'There's gonna be more': Expert shares where more Trump dirt may be found in Epstein files
Jeffrey Epstein in an undated photo released by the Department of Justice on Dec. 19, 2025. (DOJ)U.S. President Donald Trump waves as he returns to the White House from Dover Air Force Base, in Washington, D.C., December 17, 2025. REUTERS/Aaron Schwartz

President Donald Trump's administration has been caught hiding Epstein sex trafficking case files that mention the president — and there's a key area in which more damning evidence may be found, former prosecutor Andrew Weissmann told MS NOW's Nicolle Wallace on Tuesday's edition of "Deadline: White House."

"Andrew, 90 percent of Americans have heard about the Epstein files. About 60 percent disapprove of Trump's handling of the Epstein files," said Wallace. "The mystery has been why is Trump taking on so much political water over an issue? If he is, as he keeps saying, if there's nothing to see here, do you feel like this reporting ... offers an explanation?"

"I do," confirmed Weissmann, a frequent commentator on the Epstein case. "And I think there's going to be more, I think that it's not just going to be this allegation. I completely agree ... that this looks like a sloppy cover-up, similar to Watergate, where they got caught."
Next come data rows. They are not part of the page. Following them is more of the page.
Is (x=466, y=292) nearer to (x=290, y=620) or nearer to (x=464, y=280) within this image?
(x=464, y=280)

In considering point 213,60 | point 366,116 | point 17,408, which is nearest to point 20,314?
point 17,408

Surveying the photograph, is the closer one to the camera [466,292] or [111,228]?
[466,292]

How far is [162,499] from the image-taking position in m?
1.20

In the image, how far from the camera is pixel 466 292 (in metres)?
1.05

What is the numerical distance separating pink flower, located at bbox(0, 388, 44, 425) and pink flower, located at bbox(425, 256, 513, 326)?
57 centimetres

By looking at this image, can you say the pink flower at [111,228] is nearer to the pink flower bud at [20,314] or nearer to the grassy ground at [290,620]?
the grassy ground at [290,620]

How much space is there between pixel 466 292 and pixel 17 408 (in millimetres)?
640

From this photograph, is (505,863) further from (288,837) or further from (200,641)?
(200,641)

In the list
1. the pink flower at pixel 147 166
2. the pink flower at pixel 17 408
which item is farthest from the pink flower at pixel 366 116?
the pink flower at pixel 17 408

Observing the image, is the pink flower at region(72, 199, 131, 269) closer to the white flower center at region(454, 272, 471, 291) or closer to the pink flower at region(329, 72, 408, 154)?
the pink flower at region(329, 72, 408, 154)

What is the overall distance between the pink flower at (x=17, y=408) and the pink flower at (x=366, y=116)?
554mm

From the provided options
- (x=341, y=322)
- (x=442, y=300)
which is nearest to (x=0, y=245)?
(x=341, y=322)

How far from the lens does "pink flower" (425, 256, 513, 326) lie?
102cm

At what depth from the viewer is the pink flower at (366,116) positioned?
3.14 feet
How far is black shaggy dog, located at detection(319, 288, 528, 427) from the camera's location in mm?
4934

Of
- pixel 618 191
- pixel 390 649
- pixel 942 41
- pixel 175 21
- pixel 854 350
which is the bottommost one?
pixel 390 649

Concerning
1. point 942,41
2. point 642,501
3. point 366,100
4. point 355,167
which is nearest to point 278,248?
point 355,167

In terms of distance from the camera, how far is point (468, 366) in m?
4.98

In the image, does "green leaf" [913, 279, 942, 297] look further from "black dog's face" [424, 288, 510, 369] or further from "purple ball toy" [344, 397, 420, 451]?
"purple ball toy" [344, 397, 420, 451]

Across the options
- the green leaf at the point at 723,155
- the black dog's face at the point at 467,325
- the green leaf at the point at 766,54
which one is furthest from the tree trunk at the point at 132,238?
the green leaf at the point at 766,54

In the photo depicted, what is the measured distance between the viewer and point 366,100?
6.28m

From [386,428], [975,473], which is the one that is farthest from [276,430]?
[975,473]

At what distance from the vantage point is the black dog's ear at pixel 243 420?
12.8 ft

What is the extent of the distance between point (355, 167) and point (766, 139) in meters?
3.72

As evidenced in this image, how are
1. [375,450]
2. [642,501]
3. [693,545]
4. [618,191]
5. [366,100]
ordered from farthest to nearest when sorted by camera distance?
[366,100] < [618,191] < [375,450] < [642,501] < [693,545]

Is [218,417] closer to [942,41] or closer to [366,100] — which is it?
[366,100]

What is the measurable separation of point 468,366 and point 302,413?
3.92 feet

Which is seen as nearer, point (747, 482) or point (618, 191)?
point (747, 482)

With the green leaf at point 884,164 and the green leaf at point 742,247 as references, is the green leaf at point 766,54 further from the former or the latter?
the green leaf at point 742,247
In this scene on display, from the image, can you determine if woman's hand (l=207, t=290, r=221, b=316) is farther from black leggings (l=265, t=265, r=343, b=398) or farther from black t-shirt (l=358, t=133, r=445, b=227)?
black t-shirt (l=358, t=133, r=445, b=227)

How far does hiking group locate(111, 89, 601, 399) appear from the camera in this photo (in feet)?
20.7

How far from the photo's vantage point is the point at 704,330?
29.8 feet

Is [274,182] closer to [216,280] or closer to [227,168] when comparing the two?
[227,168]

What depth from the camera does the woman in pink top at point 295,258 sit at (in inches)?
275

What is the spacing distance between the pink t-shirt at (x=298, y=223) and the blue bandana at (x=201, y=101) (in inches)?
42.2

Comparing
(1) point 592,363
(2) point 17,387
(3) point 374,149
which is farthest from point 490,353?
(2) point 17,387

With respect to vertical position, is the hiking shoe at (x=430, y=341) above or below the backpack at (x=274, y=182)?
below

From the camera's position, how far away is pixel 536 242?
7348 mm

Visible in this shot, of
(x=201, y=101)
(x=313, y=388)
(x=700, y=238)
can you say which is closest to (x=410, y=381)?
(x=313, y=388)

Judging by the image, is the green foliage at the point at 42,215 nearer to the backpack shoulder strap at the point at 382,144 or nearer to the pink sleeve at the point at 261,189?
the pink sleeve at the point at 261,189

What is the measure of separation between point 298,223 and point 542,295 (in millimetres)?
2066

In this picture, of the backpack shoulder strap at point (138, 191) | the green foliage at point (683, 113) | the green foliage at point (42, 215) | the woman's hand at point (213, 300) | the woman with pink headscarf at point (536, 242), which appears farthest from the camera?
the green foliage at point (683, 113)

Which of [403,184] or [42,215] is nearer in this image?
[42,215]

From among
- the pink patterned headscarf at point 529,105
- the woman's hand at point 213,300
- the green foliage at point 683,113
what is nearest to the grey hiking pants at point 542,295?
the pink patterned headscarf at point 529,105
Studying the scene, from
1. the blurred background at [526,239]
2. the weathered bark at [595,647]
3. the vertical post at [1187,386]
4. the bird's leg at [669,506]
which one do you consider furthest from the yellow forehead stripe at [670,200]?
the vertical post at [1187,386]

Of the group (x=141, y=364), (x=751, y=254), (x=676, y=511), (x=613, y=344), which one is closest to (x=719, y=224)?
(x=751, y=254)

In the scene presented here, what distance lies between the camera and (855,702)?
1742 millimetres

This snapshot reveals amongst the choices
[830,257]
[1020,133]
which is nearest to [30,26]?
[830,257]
"I think where there could easily be more is something that I have been very focused on, which is the lack of a really thorough investigation," said Weissmann. "Various reporters are really looking into this issue of where are all the videotapes? Where is all the material that was at least reported, and people thought Jeffrey Epstein was recording people, and there's reason to think that he wasn't. But there's also reason to think that he was. But where is all of that material? And there's a suggestion that that has not been found, nor that it's really been looked for carefully."

For instance, he said, Deputy Attorney General Todd Blanche "has said that the material that came from the Epstein estate was something that the Department of Justice did not have. He said that when he said, the reason I didn't ask Ghislaine Maxwell about it is because we at the Department of Justice did not have it. So I think that there is a lot more evidence that is out there."

"I think this is where good investigative journalists and Congress can do their job, and it is where these sort of flat-out statements by [Attorney General] Pam Bondi and [FBI Director] Kash Patel, I think, are going to be paper-thin. Unfortunately, as many of their statements in the past have been. And so I think there is a lot more to come."